Procedure.kind is a bare str (1-50 chars, validated at the decider) rather than a VO, mirroring the Supply.kind precedent: pilot vocabulary will settle and the field will graduate to a closed ProcedureKind StrEnum later. Documented starter vocabulary: bakeout, calibration, alignment, recovery, beam_mode_change, id_maintenance, kb_switching, optical_alignment, vacuum_regeneration.

FSM

stateDiagram-v2
    [*] --> Defined: register_procedure
    Defined --> Running: start_procedure
    Running --> Completed: complete_procedure
    Running --> Aborted: abort_procedure
    Running --> Truncated: truncate_procedure
    Completed --> [*]
    Aborted --> [*]
    Truncated --> [*]
From To Command Event
[*] Defined register_procedure ProcedureRegistered
Defined Running start_procedure ProcedureStarted
Running Completed complete_procedure ProcedureCompleted
Running Aborted abort_procedure ProcedureAborted
Running Truncated truncate_procedure ProcedureTruncated

Guards. Beyond the source-state check, each transition enforces:

start_procedure
Re-loads every target Asset and refuses to start if any are Decommissioned, raising ProcedureAssetDecommissionedError. Bound Capability (when capability_id is set) must list Procedure in its executor_shapes, otherwise ProcedureCapabilityExecutorMismatchError.
abort_procedure / truncate_procedure
reason is REQUIRED, trimmed, 1-500 chars. truncate_procedure accepts an optional interrupted_at (operator's best guess at the actual interruption time); validated to be not later than now.
append_procedure_step
Status must be Running. Appending to a Defined, Completed, Aborted, or Truncated Procedure raises ProcedureStepsLogbookClosedError (the steps logbook is implicitly closed on every terminal). step_kind must be one of setpoint, action, check.
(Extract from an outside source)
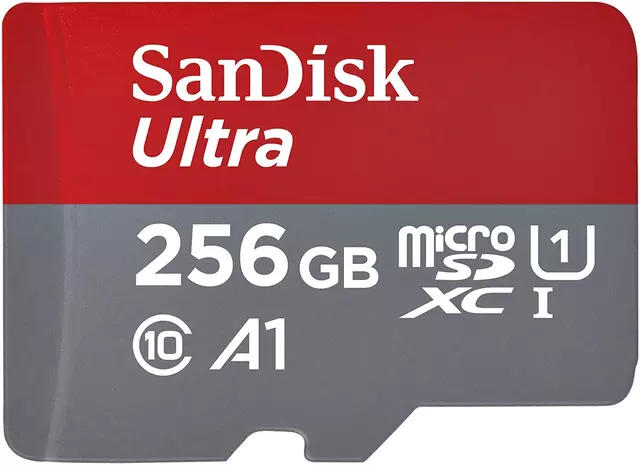 Een Geheugenkaart Sandisk MicroSDXC Ultra 256GB (150mb/s C10 - SDA UHS-I) koop je bij KantoorProfi België BV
Producer-supplied event_id deduplicates retries silently via ON CONFLICT (event_id) DO NOTHING.

Events

Event Payload sketch When emitted
ProcedureRegistered procedure_id, name, kind, target_asset_ids, parent_run_id?, capability_id?, occurred_at register_procedure accepted; status implicitly Defined.
ProcedureStarted procedure_id, occurred_at start_procedure accepted (Defined → Running).
ProcedureStepsLogbookOpened procedure_id, logbook_id, kind="steps", schema, occurred_at First append_procedure_step call for the Procedure (lazy open).
ProcedureCompleted procedure_id, occurred_at complete_procedure accepted (Running → Completed).
ProcedureAborted procedure_id, reason, occurred_at abort_procedure accepted (Running → Aborted).
ProcedureTruncated procedure_id, reason, interrupted_at?, occurred_at truncate_procedure accepted (Running → Truncated).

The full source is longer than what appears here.